1993-06-22 - Perspectives

Header Data

From: Dr. Cat <cat@wixer.bga.com>
To: cypherpunks@toad.com
Message Hash: aae858c0a2c3698cd89e5415b87c968517abe4aa91cafcc1160c531ffbc98e67
Message ID: <9306222124.AA00723@wixer.bga.com>
Reply To: N/A
UTC Datetime: 1993-06-22 21:28:03 UTC
Raw Date: Tue, 22 Jun 93 14:28:03 PDT

Raw message

From: Dr.

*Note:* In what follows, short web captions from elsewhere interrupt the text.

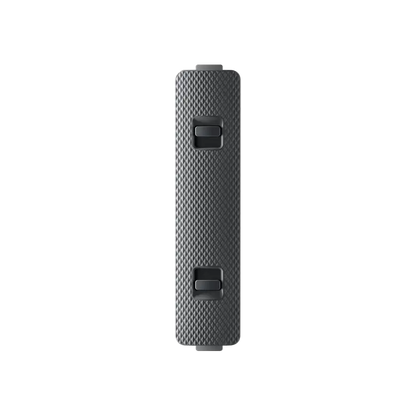 Insta360 X3 Battery Side View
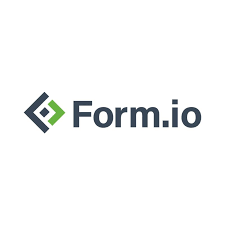 Form.io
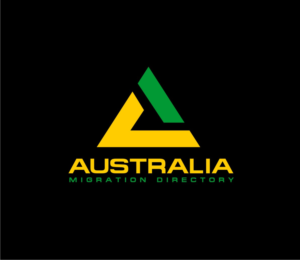 Logo Design by PraisedtotheLord for Northam & Associates | Design #19301232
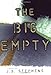 The Big Empty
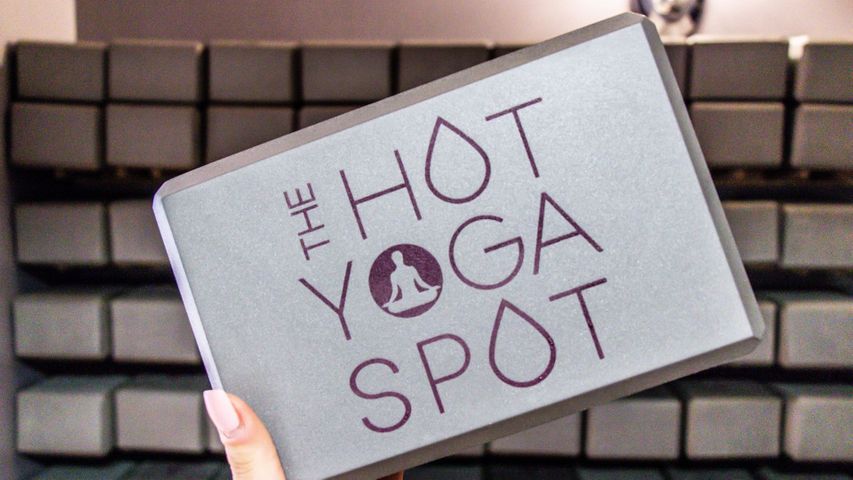 M28429 - Set Yourself Up for a Great Night of Sleep With This Yoga Sequence Header Image.jpg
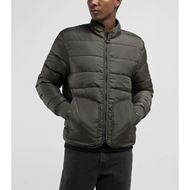 Снимка на REPLAY MEN'S QUILTED AND PADDED JACKET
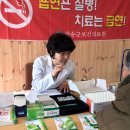 클린클리닉 이미지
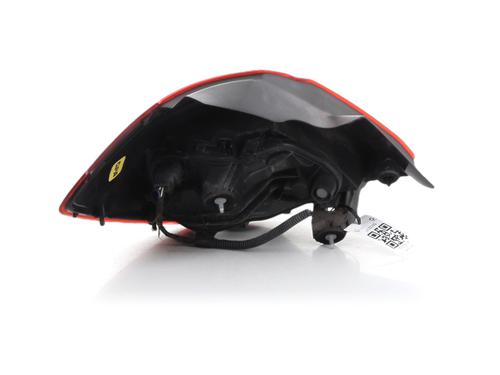 Højre baglygte OPEL CORSA E (X15) 1.4 (08, 68) | BP36006314C35 - Image 3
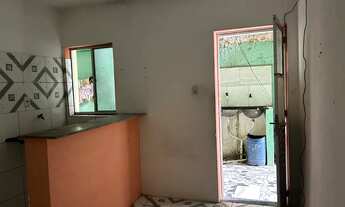 Imagem: Oportunidade - Casa Térreo em São Marcos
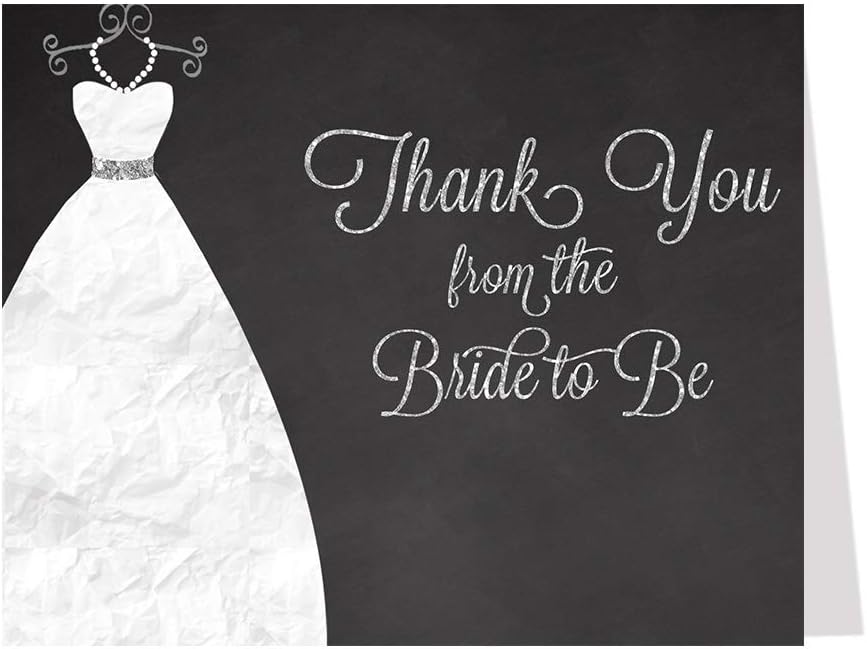 amazon bridal shower dress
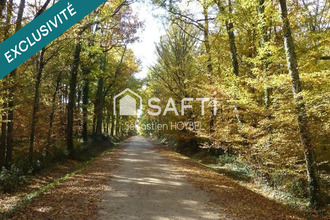 achat terrain pibrac 31820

Cat <cat@wixer.bga.com>
Date: Tue, 22 Jun 93 14:28:03 PDT
To: cypherpunks@toad.com
Subject: Perspectives
Message-ID: <9306222124.AA00723@wixer.bga.com>
MIME-Version: 1.0
Content-Type: text/plain


   The letters John Gilmore received through FOIA are interesting.  So are
the reactions of the cypherpunks.
   I think it's valuable for society to have a group of people examine such
information in an extremely skeptical manner, even bordering on paranoia.
The notion that these documents are a ploy to fool people into thinking the
government is aware of the problems with their proposal and has weighed them
carefully is worthy of speculation.  Such thoughts lead to potential avenues
of investigation that may turn up useful information.
   But there seems to be an overabundance of such views...  I think the
cypherpunks can better serve society by considering ALL possibilities and
investigating the more plausible ones.  Including the possibilities that some
of the bad guys aren't maximally devious, competent, or even bad guys.  I see
a lot of use of the word "they", as if the Department of Defense was part of
the same group of people as NIST, NSA, the president, etc. etc. and they all
are working together with the exact same set of goals and motivations.  I
think the situation in Washington is more complex than that.  And DoD is one
player I haven't heard anything previous about with regard to their stance on
and involvement with Clipper.  In addition to the notion that they totally
support Clipper, it should be considered whether they might totally oppose it
(unlikely), whether they've chosen not to be involved in the struggle over
it and are simply trying to analyze its potential effects on them and
disseminate the information internally to be better prepared, or whether
perhaps there are differences of opinion between varying individuals in the
DoD power structure.  And of course, even if you label them bad guys, there's
the possibility that someone wanted a summary of valid opposition arguments
in order to be able to combat them more effectively, and naively failed to
adequately protect them from being revealed to the opposition through the
FOIA.
   I don't have any particular opinion as to what's going on here.  I just
feel I ought to say something any time I only see one point of view
represented in a discussion of such a complicated issue.  Particularly when
such a small portion of the relevant information is, thus far, available.